The difference in a year has been obvious to Sheard.
“I was nervous a little bit when I came out, then I got out on the field and I was going against Joe,” Sheard said of Pro Bowl left tackle Joe Thomas. “So I was like, I don’t know if I can really play here.
“We got into the games, and it’s just football is football. It’s something I definitely want to be great at. I definitely want to be the best at my position, that’s what I work for. I don’t know yet where I stand — there are some elite guys out there. But I hope one day I can be one of those guys.”
Sheard’s favorite end to watch is Indianapolis’ Dwight Freeney, even though they have different body types and repertoires. But Sheard said he watches all types of pass rushers, including 3-4 linebackers like Pittsburgh’s James Harrison.
Sheard feels there’s room for growth in his pass rush and expects to reach double digits this season.

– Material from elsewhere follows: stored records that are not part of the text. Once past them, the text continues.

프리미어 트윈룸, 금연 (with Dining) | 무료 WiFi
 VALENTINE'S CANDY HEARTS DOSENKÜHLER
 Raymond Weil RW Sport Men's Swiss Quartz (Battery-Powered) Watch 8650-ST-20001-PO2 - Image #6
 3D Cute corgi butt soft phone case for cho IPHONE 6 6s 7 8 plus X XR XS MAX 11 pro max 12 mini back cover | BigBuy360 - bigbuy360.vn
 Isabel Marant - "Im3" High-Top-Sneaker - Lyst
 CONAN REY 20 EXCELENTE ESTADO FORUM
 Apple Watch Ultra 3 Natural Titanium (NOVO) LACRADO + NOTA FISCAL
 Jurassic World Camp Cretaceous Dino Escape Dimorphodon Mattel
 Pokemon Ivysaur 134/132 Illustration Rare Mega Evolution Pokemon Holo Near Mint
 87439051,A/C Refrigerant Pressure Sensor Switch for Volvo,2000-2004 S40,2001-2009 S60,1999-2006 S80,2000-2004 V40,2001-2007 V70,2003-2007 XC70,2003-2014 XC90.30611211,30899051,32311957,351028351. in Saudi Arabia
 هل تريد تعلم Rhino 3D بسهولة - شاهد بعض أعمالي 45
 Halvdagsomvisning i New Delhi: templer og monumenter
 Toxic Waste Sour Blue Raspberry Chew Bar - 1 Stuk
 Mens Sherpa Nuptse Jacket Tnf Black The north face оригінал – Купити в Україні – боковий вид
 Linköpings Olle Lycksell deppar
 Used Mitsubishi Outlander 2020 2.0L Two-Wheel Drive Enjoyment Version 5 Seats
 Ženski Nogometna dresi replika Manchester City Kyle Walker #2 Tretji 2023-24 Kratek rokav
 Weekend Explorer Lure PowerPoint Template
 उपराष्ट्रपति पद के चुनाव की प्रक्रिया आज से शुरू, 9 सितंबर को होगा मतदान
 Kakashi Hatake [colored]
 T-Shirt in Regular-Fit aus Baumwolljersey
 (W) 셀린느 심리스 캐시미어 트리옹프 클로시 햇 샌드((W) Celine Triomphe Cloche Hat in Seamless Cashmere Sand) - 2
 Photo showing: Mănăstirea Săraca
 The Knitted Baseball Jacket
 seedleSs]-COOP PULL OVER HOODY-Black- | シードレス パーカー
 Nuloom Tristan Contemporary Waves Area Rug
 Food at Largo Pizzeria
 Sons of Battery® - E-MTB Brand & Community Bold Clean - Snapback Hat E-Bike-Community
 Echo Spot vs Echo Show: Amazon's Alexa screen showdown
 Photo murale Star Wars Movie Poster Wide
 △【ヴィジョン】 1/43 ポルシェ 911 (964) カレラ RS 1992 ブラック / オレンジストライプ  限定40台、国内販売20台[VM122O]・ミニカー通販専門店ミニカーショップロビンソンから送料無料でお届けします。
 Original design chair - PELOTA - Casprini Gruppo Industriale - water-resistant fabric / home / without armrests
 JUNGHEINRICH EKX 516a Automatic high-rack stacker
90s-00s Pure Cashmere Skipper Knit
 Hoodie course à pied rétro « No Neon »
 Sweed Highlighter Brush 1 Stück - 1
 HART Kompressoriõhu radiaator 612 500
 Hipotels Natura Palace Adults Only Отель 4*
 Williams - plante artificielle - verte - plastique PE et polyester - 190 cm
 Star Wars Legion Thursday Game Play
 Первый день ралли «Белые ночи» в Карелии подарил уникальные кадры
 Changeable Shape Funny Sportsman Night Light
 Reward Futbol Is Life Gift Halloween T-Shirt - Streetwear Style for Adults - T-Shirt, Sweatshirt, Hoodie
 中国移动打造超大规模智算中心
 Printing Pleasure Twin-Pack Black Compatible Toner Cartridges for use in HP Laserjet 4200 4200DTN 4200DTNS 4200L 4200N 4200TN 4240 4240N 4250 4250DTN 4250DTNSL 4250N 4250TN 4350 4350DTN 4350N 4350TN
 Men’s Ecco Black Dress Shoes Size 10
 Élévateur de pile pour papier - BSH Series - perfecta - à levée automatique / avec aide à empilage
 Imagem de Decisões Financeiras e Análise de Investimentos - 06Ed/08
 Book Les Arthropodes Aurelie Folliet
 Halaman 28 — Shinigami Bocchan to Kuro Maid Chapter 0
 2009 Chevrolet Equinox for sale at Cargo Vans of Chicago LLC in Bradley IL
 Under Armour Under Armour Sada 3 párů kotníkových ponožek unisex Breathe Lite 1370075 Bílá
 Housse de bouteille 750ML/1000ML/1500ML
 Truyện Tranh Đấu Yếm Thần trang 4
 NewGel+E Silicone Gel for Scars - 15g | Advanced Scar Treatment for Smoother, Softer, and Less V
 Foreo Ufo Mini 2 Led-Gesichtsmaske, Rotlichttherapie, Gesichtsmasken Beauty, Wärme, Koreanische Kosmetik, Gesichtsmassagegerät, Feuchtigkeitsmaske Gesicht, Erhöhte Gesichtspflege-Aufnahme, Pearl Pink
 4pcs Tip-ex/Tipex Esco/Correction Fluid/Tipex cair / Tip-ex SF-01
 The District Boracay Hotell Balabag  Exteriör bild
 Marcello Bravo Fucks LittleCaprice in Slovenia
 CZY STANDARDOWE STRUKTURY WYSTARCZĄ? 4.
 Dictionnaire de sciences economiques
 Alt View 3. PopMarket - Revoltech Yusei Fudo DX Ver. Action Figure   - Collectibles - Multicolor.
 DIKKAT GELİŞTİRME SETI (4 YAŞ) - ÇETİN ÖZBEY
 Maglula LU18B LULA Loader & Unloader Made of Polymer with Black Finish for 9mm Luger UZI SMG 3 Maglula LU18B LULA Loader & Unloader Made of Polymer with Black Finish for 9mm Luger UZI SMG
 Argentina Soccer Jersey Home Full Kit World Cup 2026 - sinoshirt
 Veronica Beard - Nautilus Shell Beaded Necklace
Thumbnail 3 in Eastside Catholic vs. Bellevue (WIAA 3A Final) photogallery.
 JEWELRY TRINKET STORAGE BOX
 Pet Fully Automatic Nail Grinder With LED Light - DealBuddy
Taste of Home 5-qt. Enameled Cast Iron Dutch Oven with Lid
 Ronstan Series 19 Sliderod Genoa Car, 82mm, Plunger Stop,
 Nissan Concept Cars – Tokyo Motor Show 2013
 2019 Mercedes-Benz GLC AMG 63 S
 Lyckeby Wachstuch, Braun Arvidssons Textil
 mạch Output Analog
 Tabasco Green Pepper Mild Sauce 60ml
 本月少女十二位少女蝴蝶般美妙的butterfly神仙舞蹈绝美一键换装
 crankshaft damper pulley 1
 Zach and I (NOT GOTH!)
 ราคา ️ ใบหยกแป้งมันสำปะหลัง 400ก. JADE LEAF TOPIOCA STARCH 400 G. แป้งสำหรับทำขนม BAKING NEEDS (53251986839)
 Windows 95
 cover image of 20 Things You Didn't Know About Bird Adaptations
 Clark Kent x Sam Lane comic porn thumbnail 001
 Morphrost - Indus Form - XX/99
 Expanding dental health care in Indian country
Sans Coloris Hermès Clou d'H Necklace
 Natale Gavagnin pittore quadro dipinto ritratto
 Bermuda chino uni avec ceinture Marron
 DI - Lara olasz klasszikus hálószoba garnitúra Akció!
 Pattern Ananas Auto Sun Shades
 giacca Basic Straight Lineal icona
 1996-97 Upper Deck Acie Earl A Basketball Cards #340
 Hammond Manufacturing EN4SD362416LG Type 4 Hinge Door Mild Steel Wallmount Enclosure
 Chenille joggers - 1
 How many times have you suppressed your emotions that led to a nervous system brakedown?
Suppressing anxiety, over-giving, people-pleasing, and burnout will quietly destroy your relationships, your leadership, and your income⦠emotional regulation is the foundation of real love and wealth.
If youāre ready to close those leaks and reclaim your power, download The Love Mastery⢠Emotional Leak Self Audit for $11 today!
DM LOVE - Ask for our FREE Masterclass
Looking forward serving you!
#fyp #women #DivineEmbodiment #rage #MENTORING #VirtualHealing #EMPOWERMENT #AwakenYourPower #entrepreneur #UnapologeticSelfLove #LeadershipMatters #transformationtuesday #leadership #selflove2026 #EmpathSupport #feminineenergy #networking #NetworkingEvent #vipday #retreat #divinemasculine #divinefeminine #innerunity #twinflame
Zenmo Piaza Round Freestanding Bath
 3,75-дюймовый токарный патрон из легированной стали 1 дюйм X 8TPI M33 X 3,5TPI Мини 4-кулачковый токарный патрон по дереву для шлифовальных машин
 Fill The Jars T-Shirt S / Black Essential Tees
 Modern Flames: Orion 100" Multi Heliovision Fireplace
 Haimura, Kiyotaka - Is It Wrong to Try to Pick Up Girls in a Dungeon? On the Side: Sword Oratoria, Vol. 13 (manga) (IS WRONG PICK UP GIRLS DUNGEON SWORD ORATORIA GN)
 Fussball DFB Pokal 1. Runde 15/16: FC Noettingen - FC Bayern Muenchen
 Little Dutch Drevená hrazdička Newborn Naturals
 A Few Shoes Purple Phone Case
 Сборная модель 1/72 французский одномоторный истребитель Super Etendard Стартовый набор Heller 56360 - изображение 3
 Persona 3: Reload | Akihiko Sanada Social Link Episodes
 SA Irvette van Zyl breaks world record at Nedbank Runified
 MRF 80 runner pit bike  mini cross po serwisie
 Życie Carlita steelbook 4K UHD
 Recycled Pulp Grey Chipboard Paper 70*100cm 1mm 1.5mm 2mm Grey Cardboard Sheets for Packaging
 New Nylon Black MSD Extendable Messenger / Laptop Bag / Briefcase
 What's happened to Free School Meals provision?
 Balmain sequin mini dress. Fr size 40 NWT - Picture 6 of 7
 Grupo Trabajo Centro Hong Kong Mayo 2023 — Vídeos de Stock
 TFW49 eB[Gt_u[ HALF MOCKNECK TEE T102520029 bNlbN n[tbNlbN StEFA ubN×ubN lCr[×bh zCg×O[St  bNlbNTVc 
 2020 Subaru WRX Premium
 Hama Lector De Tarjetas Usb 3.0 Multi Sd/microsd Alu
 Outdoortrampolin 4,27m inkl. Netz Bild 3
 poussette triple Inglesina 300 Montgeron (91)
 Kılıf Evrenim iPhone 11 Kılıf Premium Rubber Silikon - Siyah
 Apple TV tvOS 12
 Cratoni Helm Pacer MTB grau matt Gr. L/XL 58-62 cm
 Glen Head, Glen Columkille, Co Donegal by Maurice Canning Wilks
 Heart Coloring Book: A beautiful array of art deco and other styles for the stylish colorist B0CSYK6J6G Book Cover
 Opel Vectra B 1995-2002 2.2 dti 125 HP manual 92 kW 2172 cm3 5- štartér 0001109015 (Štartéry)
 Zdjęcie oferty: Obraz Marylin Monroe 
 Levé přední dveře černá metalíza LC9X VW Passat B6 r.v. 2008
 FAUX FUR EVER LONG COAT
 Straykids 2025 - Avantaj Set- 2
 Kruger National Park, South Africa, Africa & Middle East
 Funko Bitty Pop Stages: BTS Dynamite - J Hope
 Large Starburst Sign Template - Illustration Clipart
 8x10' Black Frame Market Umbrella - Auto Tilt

“There’s some sacks I probably could’ve had if I finish the play,” he said of last year. “Drop a shoulder, small things that I didn’t know last year that I’m working to improve during camp.”
Defensive tackle Scott Paxson said Sheard has the right mentality to make the necessary adjustments and take his overall game to the next level.
“He knows what he needs to work on,” Paxson said. “He needs to be a little tougher against the run, that’s all of us.
“I think Jabaal’s only going to keep progressing because he’s not a hurrah, hurrah guy. He knows what he has to do and he goes out and does it.”